CAUTIONARY STATEMENT REGARDING FORWARD-LOOKING STATEMENTS

This prospectus supplement and the accompanying prospectus contain forward-looking statements that involve substantial risks and uncertainties. These forward-looking statements are not historical facts, but rather are based on current expectations, estimates and projections about our company, our current and prospective portfolio investments, our industry, our beliefs, and our assumptions.

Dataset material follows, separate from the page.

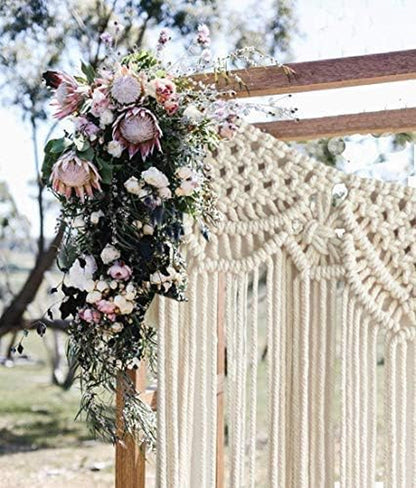 Handcrafted Macrame Wall Hanging for Bohemian Weddings - Cotton Wall Art Decor, 42" x 35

Words such as “anticipates,” “expects,” “intends,” “plans,” “will,” “may,” “continue,” “believes,” “seeks,” “estimates,” “would,” “could,” “should,” “targets,” “projects,” and variations of these words and similar expressions are intended to identify forward-looking statements.

The forward-looking statements contained in this prospectus supplement and the accompanying prospectus involve risks and uncertainties, including statements as to:

•        our future operating results;

•        our business prospects and the prospects of a CLO vehicle’s portfolio companies;

•        the impact of investments that we expect to make;

•        our contractual arrangements and relationships with third parties;

•        the dependence of our future success on the general economy and its impact on the industries in which we invest;

•        the ability of a CLO vehicle’s portfolio companies to achieve their objectives;

•        our expected financings and investments;

•        the adequacy of our cash resources and working capital; and

•        the timing of cash flows, if any, from our investments.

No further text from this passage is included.